For the past couple of months, certain young hens have been flying the coop and invading goat territory. It started because they liked the sweet goat feed that would sometimes spill on the ground when the piggies, er I mean goats, were stuffing their faces. At first the goat girls would give them a little headbutt from time to time and the hens would all go back to their yard. Lately it has been getting worse and some days all 14 of our new hens would be in there (and even Sandy, the pesky little cockerel). None of the old hens were doing it though.

Well on Saturday the tables were turned. I looked up from the kitchen sink to see Daisy standing in the middle of the chicken yard. When I got outside I saw that Lily was there too. I'm trying not to anthropomorphize too much, but it felt like the goats were saying, "Lets see how you like us stealing your food and pooping in your yard!" I did a quick fence repair by hammering a few extra staples into the shared fence and attaching a piece of wood to the bottom to prevent them from going under. The next day, it was worse, all 3 goats were in there, even meek and mild old Penny. Damon thinks she only went in to scold her daughters.

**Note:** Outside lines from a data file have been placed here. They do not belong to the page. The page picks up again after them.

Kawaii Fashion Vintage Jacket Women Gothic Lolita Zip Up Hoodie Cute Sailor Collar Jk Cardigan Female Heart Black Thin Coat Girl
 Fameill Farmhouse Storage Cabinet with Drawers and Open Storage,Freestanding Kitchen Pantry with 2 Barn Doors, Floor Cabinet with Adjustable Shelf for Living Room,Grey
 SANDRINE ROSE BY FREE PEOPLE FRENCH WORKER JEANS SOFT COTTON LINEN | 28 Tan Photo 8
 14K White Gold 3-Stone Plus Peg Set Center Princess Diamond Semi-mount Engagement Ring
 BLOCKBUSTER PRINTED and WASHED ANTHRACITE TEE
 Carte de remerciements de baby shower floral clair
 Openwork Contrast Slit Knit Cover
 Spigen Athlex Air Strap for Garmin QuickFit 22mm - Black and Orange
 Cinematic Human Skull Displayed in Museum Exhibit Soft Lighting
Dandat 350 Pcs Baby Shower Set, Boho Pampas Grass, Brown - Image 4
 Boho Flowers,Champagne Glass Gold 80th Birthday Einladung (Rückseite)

Notice in the photo there are only 2 goats in the yard, that's when we figured out that a 100 lb goat squeezed into the chicken coop itself and were stealing grain. I brought my camera, but dropped it in the coop, losing all the batteries in the straw on the floor. By this time both girls were in the coop. I hung the feeder from the ceiling to keep it away from them while I tried to jam one stubborn and horned goat head through the 1 foot square door. While I was trying to shove her chubby body out, the other one opened up the can that we store the chicken feed in. Goats are so much smarter and stronger than chickens! Finally I managed to get them out of the coop and Damon got them through the fence.

Matt repaired their fence with many more staples and released them again. As soon as he let them out of their stall into their yard again, the first thing they did was tested his repair job. So far it's still holding.

As for the hens, there is one in the goat yard today. I hate to do it, but I may need to clip some wings around here.